E.g. the following code fails:
#[derive(Default)]
struct Cache(std::collections::HashMap<u64, String>);
impl Cache {
fn get(&self, key: u64) -> Option<&str> {
self.0.get(key)
}
fn get_or_insert(&mut self, key: u64, default: impl FnOnce() -> String) -> &str {
self.0.entry(key).or_insert_with(default)
}
}
fn main() {
let mut cache = Cache::default();
let a = cache.get_or_insert(1, || "foo".into());
let b = cache.get(1);
// ^ Error: cannot borrow `cache` as immutable because it is also borrowed as mutable
println!("{a}, {b}");
}
With downgradeable borrows, the code can compile by adding the second lifetime parameter and specifying that the return value of get_or_insert
only uses the borrow lifetime:
fn get_or_insert<'a>(&'a mut<'_> self, key: u64, default: impl FnOnce() -> String) -> &'a str {
self.0.entry(key).or_insert_with(default)
}
Where it's neccessary for soundness, the borrows can't be downgraded, as the function signatures of e.g. Cell::get_mut()
won't allow downgrading of the returned borrow:
fn main() {
let mut x: Cell<Option<i32>> = Cell::new(Some(42));
let a: &i32 = x.get_mut().as_ref().unwrap();
x.replace(None);
// ^ Error: cannot borrow `x` as immutable because it is also borrowed as mutable
println!("{}", a);
}
Reference-level explanation
Mutable reference types &mut T
have two associated lifetimes. One describing the total duration of the borrow and one describing the duration the borrow needs to be unique: &'ref mut<'uniq> T
with the implicit constraint 'ref: 'uniq
.
The uniqueness lifetime can be omitted and is then forced to be equal to the borrow lifetime. &'a mut T
is thus short for &'a mut<'a> T
.
Such references with both lifetimes equal can be coerced to mutable references with shorter lifetime only if both lifetimes stay equal.

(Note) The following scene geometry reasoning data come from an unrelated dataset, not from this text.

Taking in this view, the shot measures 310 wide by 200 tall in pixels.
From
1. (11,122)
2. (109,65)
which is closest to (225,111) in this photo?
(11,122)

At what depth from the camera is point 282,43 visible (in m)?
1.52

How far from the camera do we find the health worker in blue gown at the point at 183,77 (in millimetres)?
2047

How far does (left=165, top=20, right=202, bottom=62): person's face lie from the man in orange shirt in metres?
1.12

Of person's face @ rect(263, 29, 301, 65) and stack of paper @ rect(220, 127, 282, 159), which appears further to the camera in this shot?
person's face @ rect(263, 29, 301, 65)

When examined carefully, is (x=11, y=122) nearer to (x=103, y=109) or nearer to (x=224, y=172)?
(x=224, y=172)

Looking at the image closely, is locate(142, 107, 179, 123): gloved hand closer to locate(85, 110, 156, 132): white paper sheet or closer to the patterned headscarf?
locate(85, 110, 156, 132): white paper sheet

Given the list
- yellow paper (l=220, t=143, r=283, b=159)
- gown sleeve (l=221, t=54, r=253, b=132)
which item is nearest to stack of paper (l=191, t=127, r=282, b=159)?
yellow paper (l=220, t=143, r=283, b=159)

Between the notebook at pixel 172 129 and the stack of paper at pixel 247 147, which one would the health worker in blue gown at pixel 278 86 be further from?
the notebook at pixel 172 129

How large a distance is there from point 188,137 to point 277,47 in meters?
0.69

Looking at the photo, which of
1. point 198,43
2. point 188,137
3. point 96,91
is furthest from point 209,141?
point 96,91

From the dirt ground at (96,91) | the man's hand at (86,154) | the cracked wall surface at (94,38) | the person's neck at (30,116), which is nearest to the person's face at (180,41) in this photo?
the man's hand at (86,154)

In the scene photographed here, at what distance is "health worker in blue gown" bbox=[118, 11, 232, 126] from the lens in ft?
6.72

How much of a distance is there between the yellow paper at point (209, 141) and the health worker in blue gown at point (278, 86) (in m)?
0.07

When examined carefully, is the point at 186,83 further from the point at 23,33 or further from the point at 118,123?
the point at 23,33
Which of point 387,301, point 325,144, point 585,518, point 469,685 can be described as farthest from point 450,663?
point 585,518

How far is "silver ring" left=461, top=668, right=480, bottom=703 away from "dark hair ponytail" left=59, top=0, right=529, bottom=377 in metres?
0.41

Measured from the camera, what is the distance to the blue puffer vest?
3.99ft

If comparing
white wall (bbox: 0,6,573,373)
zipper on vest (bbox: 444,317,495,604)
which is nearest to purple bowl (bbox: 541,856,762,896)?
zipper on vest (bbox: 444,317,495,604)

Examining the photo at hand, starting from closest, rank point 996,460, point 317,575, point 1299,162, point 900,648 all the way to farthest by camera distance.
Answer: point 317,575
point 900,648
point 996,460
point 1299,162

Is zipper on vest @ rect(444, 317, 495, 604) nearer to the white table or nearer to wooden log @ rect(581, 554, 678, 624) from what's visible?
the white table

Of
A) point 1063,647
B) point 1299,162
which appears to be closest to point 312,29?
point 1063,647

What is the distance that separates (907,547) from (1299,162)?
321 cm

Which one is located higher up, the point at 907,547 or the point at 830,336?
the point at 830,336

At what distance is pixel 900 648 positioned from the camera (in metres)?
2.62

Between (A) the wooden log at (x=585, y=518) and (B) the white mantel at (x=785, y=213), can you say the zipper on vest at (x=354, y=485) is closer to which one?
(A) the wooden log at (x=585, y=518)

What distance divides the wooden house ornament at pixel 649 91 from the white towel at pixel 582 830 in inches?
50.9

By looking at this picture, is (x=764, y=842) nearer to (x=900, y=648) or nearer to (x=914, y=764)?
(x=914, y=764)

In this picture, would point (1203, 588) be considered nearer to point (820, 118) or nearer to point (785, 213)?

Besides this restriction, mutable references &'a_ref mut<'a_mut> T
can be coerced to &'b_ref mut<'b_mut> T
, as long as 'a_ref: 'b_ref, 'a_mut: 'b_mut
holds,
and all mutable references &'a_ref mut<'a_mut> T
can be coerced to &'b T
, as long as 'a_ref: 'b
holds.
Coercing to or reborrowing as a shared reference doesn't extend the uniqueness lifetime.
For backwards compatibility &mut T
in function signatures desugars to &'_a mut<'_a> T
. This ensures that functions like Cell::get_mut
stay sound.
This makes the feature opt-in for all interfaces.
Drawbacks
- Introducing a built-in type with two lifetimes makes the language more complex and harder to learn.
Rationale and alternatives
- Do nothing and continue to only allow such patterns with some kind of interior mutability.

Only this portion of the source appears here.